The Turkish government, which supports jihadist militants trying to overthrow the Syrian government, on Tuesday accused Syrian government forces of attacking moderate opposition fighters under the guise of fighting extremists.
Turkey's Foreign Minister Mevlüt Çavuşoglu's comments came a day after Syrian forces captured 14 villages as they advanced on the largest terrorist-held enclave in the country's north amid a wave of airstrikes. The troops aim to reach a terrorist-held air base in Idlib province and secure the road linking the capital, Damascus, with the northern city of Aleppo, Syria's largest.
Russia, Iran and Turkey agreed last year to establish a "de-escalation zone" in the militant-held Idlib province and surrounding region. The main terrorist group in the northwestern province of Idlib is al-Qaida affiliate Tahrir al-Sham.

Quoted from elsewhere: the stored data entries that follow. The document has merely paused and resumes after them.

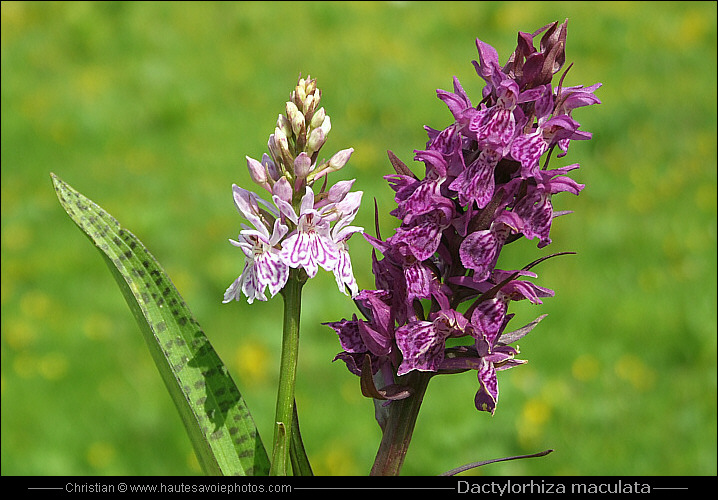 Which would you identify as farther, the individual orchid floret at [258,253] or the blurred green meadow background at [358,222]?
the blurred green meadow background at [358,222]

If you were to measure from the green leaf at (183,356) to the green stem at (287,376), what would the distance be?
107 millimetres

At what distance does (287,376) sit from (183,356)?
0.68 feet

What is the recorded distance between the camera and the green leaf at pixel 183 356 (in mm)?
865

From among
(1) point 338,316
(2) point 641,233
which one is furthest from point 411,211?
(2) point 641,233

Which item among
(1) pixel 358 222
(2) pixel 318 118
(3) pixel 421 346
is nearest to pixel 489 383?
(3) pixel 421 346

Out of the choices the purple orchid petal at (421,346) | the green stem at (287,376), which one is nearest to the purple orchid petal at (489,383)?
the purple orchid petal at (421,346)

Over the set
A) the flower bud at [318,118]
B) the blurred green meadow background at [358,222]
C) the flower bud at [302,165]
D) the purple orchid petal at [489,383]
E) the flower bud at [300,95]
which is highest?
the blurred green meadow background at [358,222]

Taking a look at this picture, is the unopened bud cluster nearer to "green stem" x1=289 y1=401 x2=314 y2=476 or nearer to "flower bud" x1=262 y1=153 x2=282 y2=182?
"flower bud" x1=262 y1=153 x2=282 y2=182

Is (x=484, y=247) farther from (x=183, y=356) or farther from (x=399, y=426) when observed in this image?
(x=183, y=356)

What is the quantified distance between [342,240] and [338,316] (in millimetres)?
2412

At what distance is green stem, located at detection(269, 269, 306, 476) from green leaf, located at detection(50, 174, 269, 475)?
107mm

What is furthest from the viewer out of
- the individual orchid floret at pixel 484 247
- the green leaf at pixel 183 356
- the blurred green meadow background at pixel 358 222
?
the blurred green meadow background at pixel 358 222

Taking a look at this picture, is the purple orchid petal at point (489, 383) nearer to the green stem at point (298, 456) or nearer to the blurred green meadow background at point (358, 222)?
the green stem at point (298, 456)

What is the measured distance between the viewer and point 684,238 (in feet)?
12.2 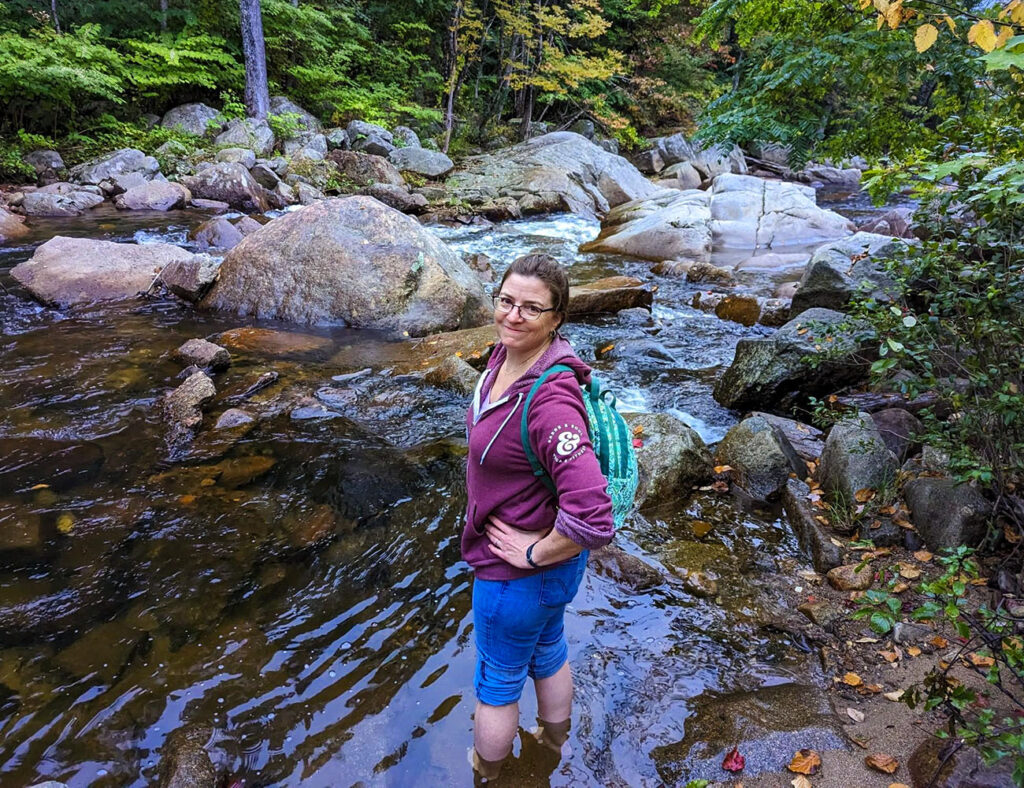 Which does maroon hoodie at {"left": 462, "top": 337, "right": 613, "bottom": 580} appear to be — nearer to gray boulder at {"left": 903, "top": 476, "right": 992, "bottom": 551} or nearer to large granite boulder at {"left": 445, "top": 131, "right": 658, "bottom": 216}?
gray boulder at {"left": 903, "top": 476, "right": 992, "bottom": 551}

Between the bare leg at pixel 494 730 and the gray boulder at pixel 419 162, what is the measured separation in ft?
59.0

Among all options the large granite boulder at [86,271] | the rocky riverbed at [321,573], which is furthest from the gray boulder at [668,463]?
the large granite boulder at [86,271]

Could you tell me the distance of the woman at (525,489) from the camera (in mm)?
1944

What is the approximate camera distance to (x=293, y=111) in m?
19.4

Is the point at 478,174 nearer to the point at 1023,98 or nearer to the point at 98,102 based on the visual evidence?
the point at 98,102

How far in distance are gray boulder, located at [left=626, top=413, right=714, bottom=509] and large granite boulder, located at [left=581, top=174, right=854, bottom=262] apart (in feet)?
31.7

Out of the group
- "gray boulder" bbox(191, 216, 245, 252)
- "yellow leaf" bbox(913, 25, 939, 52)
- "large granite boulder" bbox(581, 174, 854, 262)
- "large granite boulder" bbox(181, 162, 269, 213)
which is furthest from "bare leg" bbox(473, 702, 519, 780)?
"large granite boulder" bbox(181, 162, 269, 213)

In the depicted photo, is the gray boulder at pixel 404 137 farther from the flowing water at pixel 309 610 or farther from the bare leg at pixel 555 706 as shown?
the bare leg at pixel 555 706

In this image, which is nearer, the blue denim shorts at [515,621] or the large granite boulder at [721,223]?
the blue denim shorts at [515,621]

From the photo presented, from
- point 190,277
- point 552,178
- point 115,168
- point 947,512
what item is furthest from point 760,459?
point 115,168

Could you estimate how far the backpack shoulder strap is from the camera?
2021 mm

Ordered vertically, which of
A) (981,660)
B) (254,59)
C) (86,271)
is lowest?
(86,271)

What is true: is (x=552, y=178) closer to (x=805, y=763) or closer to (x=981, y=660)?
(x=981, y=660)

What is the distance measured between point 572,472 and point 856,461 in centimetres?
342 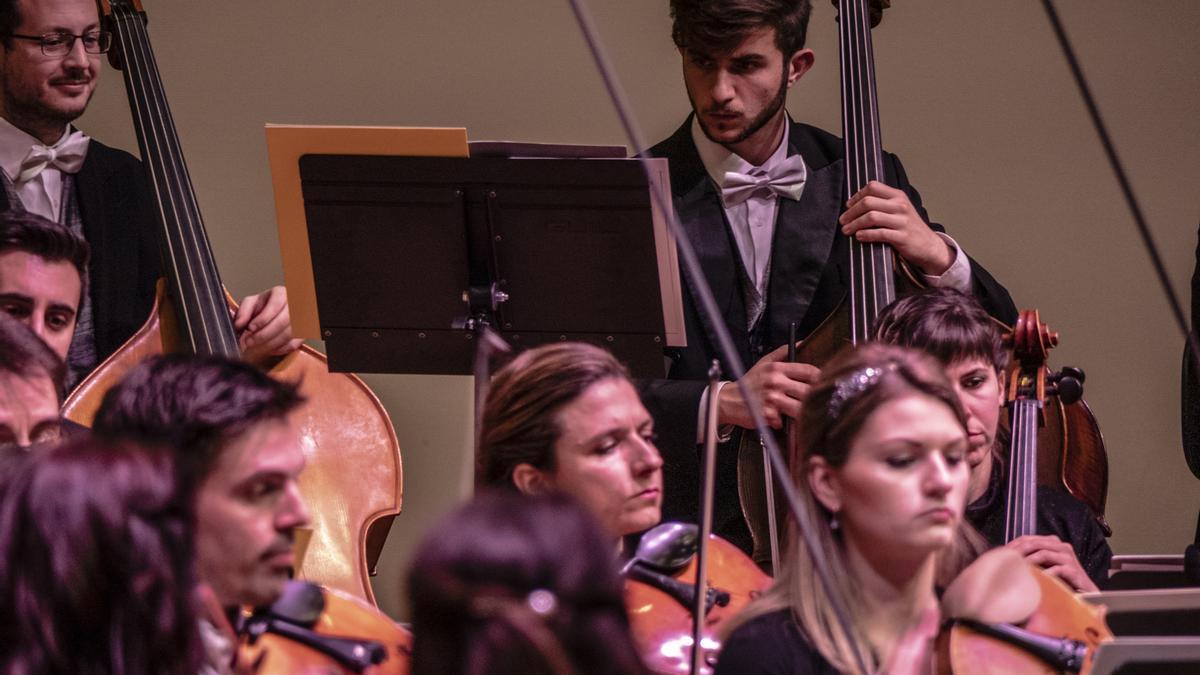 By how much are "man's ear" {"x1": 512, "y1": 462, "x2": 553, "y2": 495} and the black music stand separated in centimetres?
31

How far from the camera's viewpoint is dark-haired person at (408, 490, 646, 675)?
0.96 m

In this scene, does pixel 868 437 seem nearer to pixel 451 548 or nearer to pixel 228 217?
pixel 451 548

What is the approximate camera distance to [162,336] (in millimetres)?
2361

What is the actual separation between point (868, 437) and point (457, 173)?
27.0 inches

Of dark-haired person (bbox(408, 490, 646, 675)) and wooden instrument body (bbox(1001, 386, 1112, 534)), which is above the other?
dark-haired person (bbox(408, 490, 646, 675))

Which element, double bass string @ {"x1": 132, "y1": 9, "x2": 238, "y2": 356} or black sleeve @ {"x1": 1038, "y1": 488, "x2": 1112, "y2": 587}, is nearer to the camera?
black sleeve @ {"x1": 1038, "y1": 488, "x2": 1112, "y2": 587}

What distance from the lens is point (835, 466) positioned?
5.66ft

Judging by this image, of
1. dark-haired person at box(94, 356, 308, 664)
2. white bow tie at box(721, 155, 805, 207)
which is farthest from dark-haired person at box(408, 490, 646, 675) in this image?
white bow tie at box(721, 155, 805, 207)

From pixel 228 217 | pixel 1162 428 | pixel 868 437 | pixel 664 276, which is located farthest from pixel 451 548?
pixel 1162 428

Çavuşoğlu said Syrian government attacks on "moderate opposition forces would axe peace efforts".
In October, Turkish army forces have begun an operation in Syria's northwestern Idlib province "as part of de-escalation agreement" brokered by Russia at talks in Astana. But the convoy was escorted by terrorists from al-Qaida-linked Tahrir al-Sham, previously known as the Nusra Front.
In none of its statements, Ankara pronounces fighting Nusra Front. However, it was one of the key agendas of Astana agreement to separate al-Qaida from the "moderates".
The Syrian government demanded the immediate withdrawal of Turkish troops from the country. A statement slammed the Turkish aggression, saying it had "nothing whatsoever to do with the understandings reached by the guarantor countries in the Astana process."
Communist and workers' parties around the world protested Turkey's military presence in Syria, and call for the immediate termination of these military operations.